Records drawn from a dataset
■ ■ ■ ■ ■

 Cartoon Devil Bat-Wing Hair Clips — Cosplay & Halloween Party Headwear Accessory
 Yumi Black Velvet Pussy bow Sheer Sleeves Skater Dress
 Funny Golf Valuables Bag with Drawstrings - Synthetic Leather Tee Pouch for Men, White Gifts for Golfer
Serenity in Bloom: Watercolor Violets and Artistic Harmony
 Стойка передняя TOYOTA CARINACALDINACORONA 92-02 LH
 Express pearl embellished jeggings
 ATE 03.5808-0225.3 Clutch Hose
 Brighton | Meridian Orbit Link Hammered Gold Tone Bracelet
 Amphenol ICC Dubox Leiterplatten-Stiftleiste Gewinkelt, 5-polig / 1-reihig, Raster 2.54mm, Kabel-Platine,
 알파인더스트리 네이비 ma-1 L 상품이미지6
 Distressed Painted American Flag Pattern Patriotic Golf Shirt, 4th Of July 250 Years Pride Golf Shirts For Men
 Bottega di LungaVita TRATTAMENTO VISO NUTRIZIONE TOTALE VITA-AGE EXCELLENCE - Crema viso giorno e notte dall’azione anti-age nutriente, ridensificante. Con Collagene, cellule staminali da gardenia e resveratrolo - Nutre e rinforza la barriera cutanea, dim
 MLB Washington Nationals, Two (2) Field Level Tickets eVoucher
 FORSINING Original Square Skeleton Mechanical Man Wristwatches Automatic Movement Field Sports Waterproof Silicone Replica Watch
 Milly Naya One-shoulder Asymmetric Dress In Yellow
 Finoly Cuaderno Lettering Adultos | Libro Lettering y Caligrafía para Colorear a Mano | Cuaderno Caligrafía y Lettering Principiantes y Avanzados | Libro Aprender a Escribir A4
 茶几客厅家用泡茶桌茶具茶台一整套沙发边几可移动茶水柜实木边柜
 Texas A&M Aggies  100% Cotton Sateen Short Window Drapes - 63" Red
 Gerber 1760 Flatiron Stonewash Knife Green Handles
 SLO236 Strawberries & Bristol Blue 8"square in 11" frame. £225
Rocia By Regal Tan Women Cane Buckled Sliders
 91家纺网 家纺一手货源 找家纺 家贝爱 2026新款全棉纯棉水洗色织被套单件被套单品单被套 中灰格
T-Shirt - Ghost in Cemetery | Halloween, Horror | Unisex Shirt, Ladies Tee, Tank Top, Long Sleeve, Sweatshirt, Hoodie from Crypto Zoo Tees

■ ■ ■ ■ ■

PROBLEM DESCRIPTION
Copy verbatim the span of lines that begins with the line holding "Milly Naya One-shoulder" and ends at the last line of the records.

ANSWER TO THE EXERCISE
 Milly Naya One-shoulder Asymmetric Dress In Yellow
 Finoly Cuaderno Lettering Adultos | Libro Lettering y Caligrafía para Colorear a Mano | Cuaderno Caligrafía y Lettering Principiantes y Avanzados | Libro Aprender a Escribir A4
 茶几客厅家用泡茶桌茶具茶台一整套沙发边几可移动茶水柜实木边柜
 Texas A&M Aggies  100% Cotton Sateen Short Window Drapes - 63" Red
 Gerber 1760 Flatiron Stonewash Knife Green Handles
 SLO236 Strawberries & Bristol Blue 8"square in 11" frame. £225
Rocia By Regal Tan Women Cane Buckled Sliders
 91家纺网 家纺一手货源 找家纺 家贝爱 2026新款全棉纯棉水洗色织被套单件被套单品单被套 中灰格
T-Shirt - Ghost in Cemetery | Halloween, Horror | Unisex Shirt, Ladies Tee, Tank Top, Long Sleeve, Sweatshirt, Hoodie from Crypto Zoo Tees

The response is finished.